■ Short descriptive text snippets
Content starts

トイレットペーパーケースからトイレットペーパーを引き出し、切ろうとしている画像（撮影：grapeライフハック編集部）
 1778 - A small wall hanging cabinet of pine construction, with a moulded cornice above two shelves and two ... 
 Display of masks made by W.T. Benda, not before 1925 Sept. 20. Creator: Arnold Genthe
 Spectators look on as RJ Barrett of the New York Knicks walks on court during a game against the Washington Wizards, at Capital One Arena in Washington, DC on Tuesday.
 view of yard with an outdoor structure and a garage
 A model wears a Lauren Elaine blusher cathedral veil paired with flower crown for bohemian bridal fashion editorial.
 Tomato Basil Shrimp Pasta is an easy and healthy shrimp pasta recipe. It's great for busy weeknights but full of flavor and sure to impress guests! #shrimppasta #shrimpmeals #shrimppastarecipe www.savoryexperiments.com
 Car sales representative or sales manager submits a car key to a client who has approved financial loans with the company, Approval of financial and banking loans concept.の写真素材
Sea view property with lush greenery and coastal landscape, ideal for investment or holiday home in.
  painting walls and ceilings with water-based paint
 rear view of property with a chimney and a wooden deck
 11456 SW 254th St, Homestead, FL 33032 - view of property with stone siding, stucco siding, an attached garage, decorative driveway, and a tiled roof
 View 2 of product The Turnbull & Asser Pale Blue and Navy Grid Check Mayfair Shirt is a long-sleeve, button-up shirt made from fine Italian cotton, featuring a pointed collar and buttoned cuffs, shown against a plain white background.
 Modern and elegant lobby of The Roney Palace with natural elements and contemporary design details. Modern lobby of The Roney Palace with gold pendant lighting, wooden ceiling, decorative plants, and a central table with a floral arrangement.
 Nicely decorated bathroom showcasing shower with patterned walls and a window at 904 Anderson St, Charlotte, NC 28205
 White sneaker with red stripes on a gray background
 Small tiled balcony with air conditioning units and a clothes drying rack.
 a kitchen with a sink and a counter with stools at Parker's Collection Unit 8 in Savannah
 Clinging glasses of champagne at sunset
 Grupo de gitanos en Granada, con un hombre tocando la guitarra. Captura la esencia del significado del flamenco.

Content ends

■ What you should do
Look through the records and copy every line that has the word "walls".

■ Expected answer
  painting walls and ceilings with water-based paint
 Nicely decorated bathroom showcasing shower with patterned walls and a window at 904 Anderson St, Charlotte, NC 28205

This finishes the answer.